(Brief descriptive captions)
• • • •

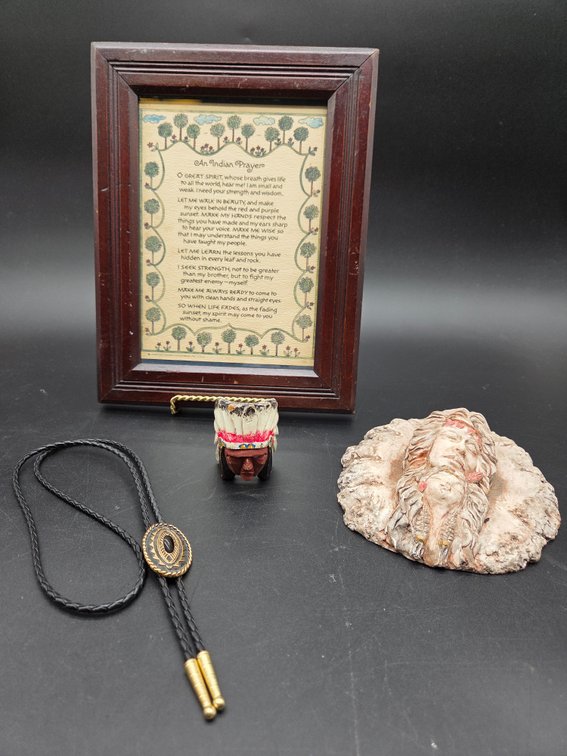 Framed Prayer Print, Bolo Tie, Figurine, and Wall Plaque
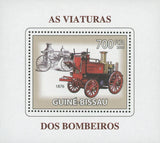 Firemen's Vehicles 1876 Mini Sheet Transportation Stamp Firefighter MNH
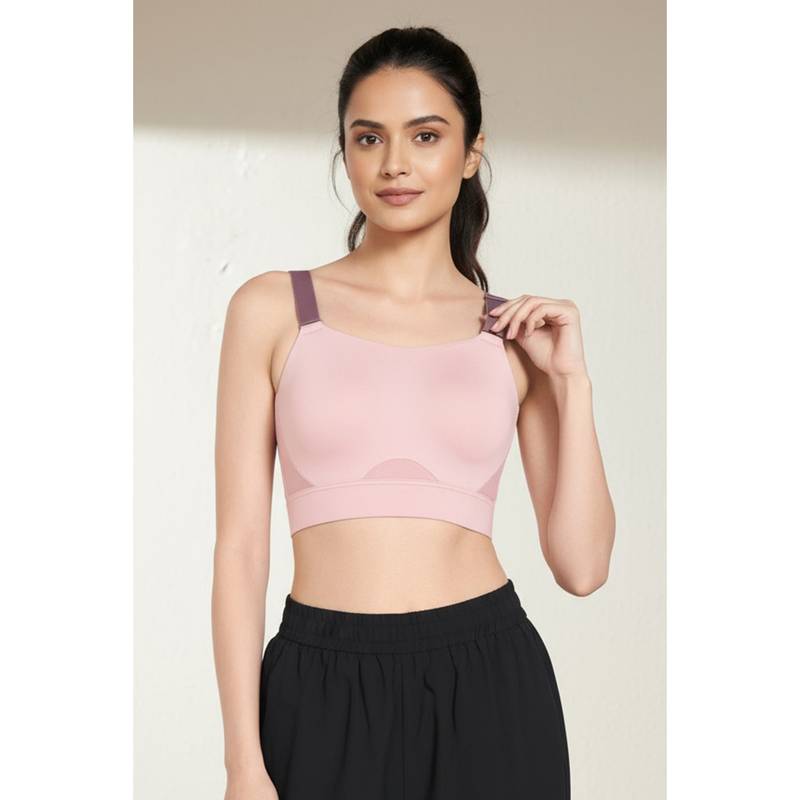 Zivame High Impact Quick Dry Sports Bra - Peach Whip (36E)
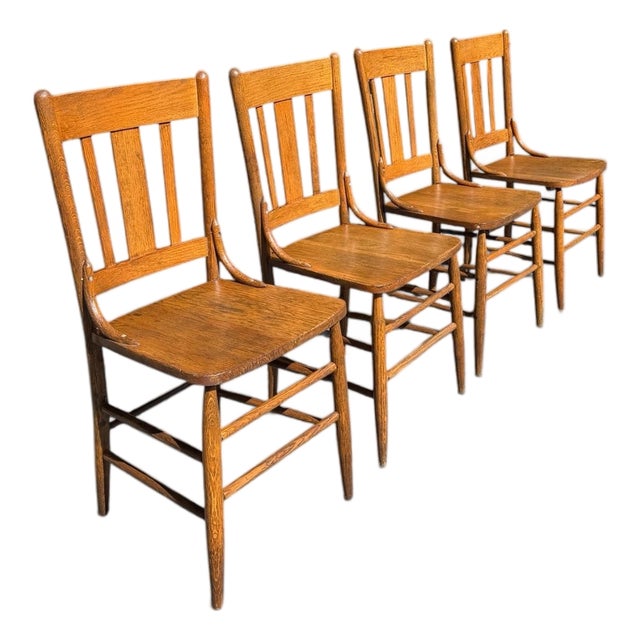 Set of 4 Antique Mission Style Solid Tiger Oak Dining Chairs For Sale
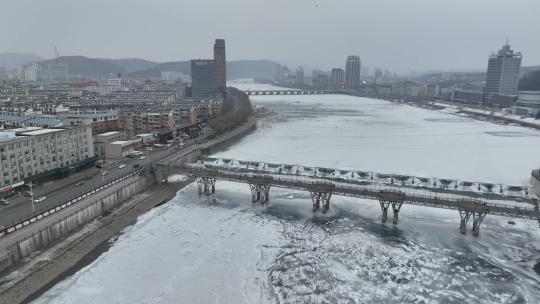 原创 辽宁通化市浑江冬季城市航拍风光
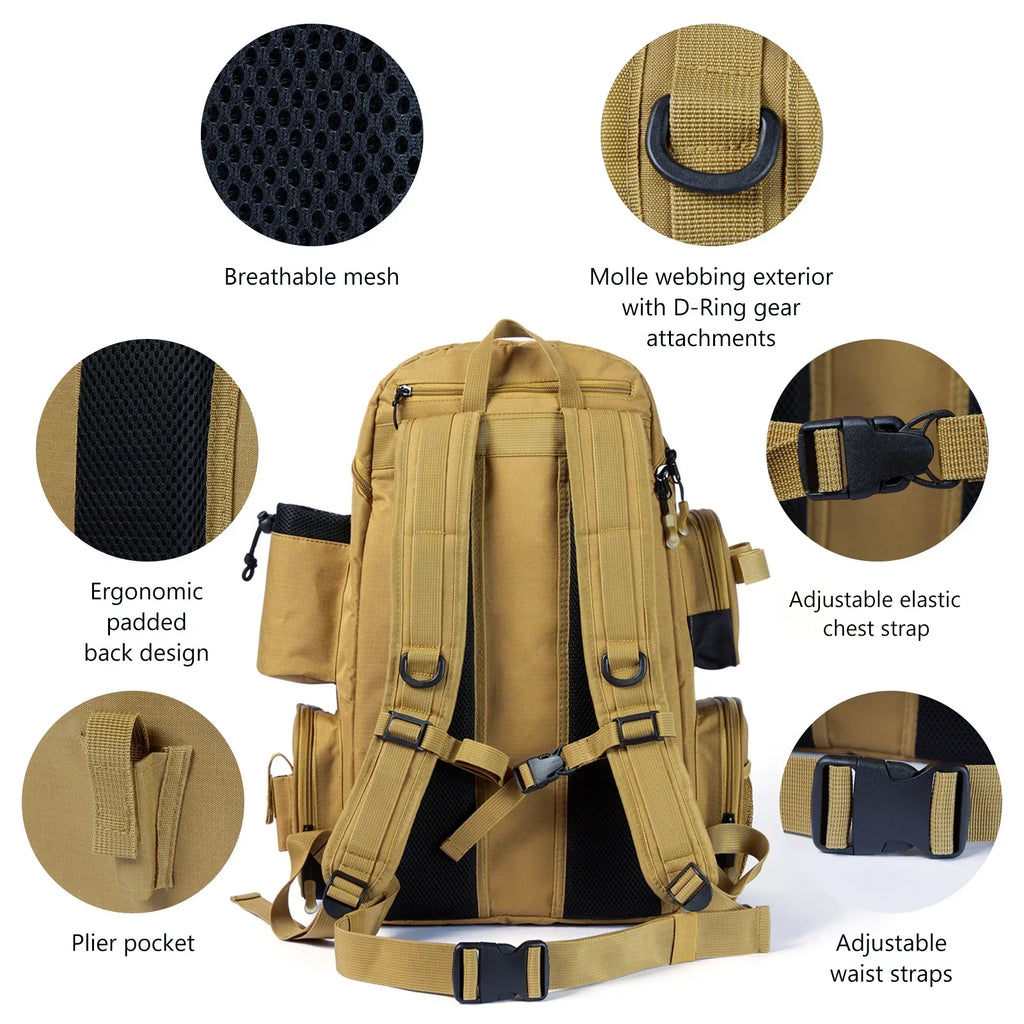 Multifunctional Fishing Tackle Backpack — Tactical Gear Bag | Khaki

• • • •

Please set down each line of the data above exactly as written, without the pictures.

**Task solution:**
 Framed Prayer Print, Bolo Tie, Figurine, and Wall Plaque
 Firemen's Vehicles 1876 Mini Sheet Transportation Stamp Firefighter MNH
 Zivame High Impact Quick Dry Sports Bra - Peach Whip (36E)
 Set of 4 Antique Mission Style Solid Tiger Oak Dining Chairs For Sale
 原创 辽宁通化市浑江冬季城市航拍风光
 Multifunctional Fishing Tackle Backpack — Tactical Gear Bag | Khaki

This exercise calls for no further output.